Hadiya, who arrived in the national capital on Saturday, has said she wanted to be with her husband. "I am a Muslim. I was not forced. I want to be with my husband," the 25-year-old woman, wearing a head scarf, shouted as she was being taken to an airport in Kerala for departure to Delhi.
Her father’s lawyer has said that no relevance should be given to what she has to say, claiming that Hadiya was “highly indoctrinated and brainwashed" and needs to come out of the “mental kidnapping".
Hadiya had converted to Islam and married a Muslim man named Shafin Jahan.
The direction by the apex court for producing the woman for an interaction came amid an assertion by the National Investigation Agency (NIA) that this was a case in which the woman was indoctrinated and she may be incapable of giving free consent to marriage.

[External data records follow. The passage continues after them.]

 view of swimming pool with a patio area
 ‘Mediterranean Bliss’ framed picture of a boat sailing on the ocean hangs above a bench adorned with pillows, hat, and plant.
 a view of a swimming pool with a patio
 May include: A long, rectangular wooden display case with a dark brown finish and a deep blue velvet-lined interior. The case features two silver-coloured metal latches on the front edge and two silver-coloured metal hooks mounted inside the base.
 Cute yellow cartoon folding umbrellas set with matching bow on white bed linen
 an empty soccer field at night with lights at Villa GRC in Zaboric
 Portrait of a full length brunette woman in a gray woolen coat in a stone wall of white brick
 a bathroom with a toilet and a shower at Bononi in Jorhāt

A Supreme Court bench, comprising Chief Justice Dipak Misra and Justices AM Khanwilkar and DY Chandrachud, had asked senior advocate Shyam Divan, representing the father of the woman, to ensure she is produced before them to ascertain whether she had married of her own volition.
The NIA, represented by Additional Solicitor General Maninder Singh, had said there was a well-oiled machinery working in Kerala that was indoctrinating and radicalizing society in the state.
As many as 89 cases of similar nature have been reported from the southern state, the ASG had said.
Divan, appearing for woman's father KM Ashokan, claimed that Jahan was a radicalised man and several organisations like Popular Front of India were involved in radicalisation of society.
Senior advocate Kapil Sibal, counsel for Shafin Jahan, had opposed NIA's submission and that of the woman's father.
Hadiya, a Hindu, had converted to Islam and later married Jahan. It was alleged that she was recruited by ISIS' mission in Syria and Jahan was only a stooge.
Jahan had on September 20 approached the apex court seeking recall of its August 16 order, directing the NIA to investigate the controversial case of conversion and marriage of a Hindu woman with him.
Meanwhile, the Kerala government on October 7 told the Supreme Court that its police conducted a "thorough investigation" into her conversion and subsequent marriage to Jahan and did not find material warranting the transfer of probe to the National Investigation Agency.
Jahan had moved the Supreme Court after the Kerala high court annulled his marriage, saying it was an insult to the independence of women in the country.